In many cases therapists as well as doctors will measure how successful their drug treatment was with the use of ongoing and random screened drug testing. Sobriety is something that needs to be carefully regulated especially with someone that has had ongoing struggles with substance abuse. Random drug screenings may also be required for you to gain or maintain your employment. Whether you are receiving testing for employment or for the maintaining of your sobriety its importer member that Suboxone does not show up in a standard drug panel.
In most cases standard drug panels will test for addiction to opioid drugs. This can mean a random screening could detect the signs of oxycodone, heroin or even morphine in the system. Suboxone is not one of the medications that is commonly checked for as it is mostly used in the process of recovery. In most cases it’s difficult to penalize someone for using Suboxone as with its proper use it is to ease the symptoms of withdrawal as well as keep a person from returning to opioid use.
Suboxone is a combination of naloxone and buprenorphine and it’s commonly used in reducing the withdrawal symptoms for those that have been regularly using opiod drugs. Buprenorphine works as an opioid agonist and as a result it can mimic some of the initial feelings of opioid drugs without the intent symptoms of euphoria. Buprenorphine can help individuals to reduce their feelings of withdrawal as well as prevent cravings for opioid medication. It also works particularly well at normalizing brain function and allowing the brain to eventually take a chemical dependence. This can help individuals to prevent relapse in their opioid use.
Naloxone is an opioid antagonist and this can block out the effects of opiate drugs. In the formula for Suboxone naloxone works to prevent any type of euphoria from being enacted through opioid drug use. Naloxone actually works to fill up the receptors which are commonly affected by opioids and regardless of the amount of Suboxone taken, a person will not experience any type of euphoria. This prevents Suboxone from being an adequate use as a street drug or as a medication that someone could abuse. Suboxone is designed only as a therapy drug and that is really only used it has for individuals. It can actually cause a number of negative withdrawal symptoms if it is modified or taken via smoking, snorting or injection as it will have absolutely zero effect for preventing withdrawal symptoms in this form.
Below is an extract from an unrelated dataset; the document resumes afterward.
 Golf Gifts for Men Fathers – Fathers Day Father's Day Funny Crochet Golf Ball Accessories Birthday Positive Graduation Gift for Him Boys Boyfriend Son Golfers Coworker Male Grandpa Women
With medical treatment featuring Suboxone it’s important that patients never discontinue the use of the medication with out appropriate doctors orders. The idea of using Suboxone is to eventually wean down the doses of the drug and prevent withdrawal symptoms. Over time as a person begins to wean themselves off of the doses of Suboxone it possible for them to become drug-free. Weaning themselves off of Suboxone to quickly or stopping Suboxone in a cold turkey fashion can immediately begin to cause Suboxone withdrawal. Suboxone withdrawal does come with many major concerns but it is often easier on the body than withdrawal using other types of opioids.
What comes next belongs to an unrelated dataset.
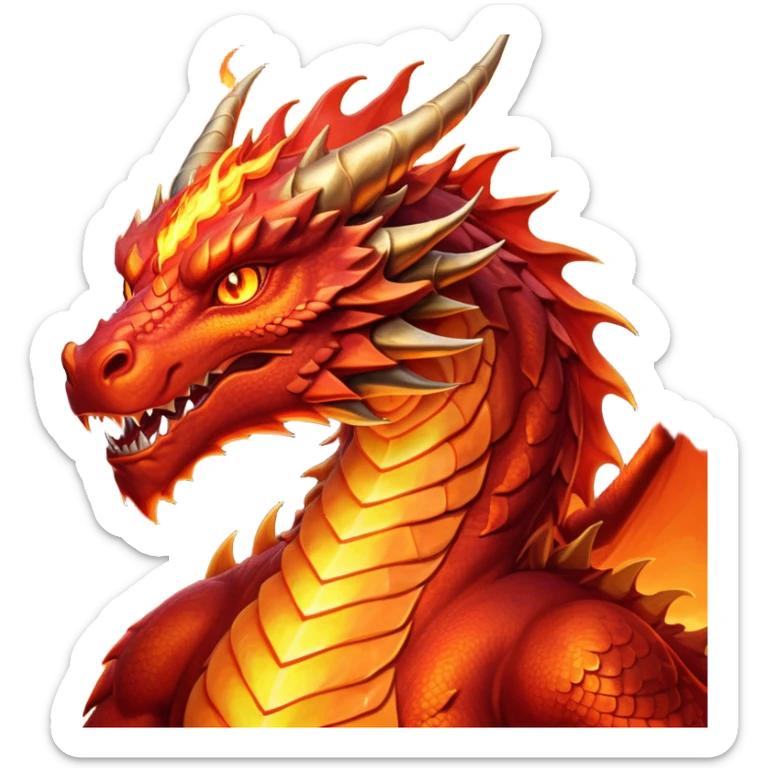 cinematic-noble-fierce-fire-dragon-portrait-emoji,-poised-and-imposing,-with-a-muscular,-scaled-body-ablaze-in-fiery-hues-of-crimson,-molten-orange,-and-molten-gold,-and-intense,-burning-eyes-that-mirror-the-heart-of-a-volcano;-rendered in detail sticker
Some of the main symptoms of Suboxone withdrawal include:
As a reminder Suboxone does not show up as a positive in standard drug panels and it can be an extremely effective treatment tool for managing addictions to opioid drugs. The metabolites of substances like buprenorphine will not show up on standard drug panels for testing in hair , urine or blood. If you are currently taking Suboxone you should never consider giving it up without doctors orders or before a drug test.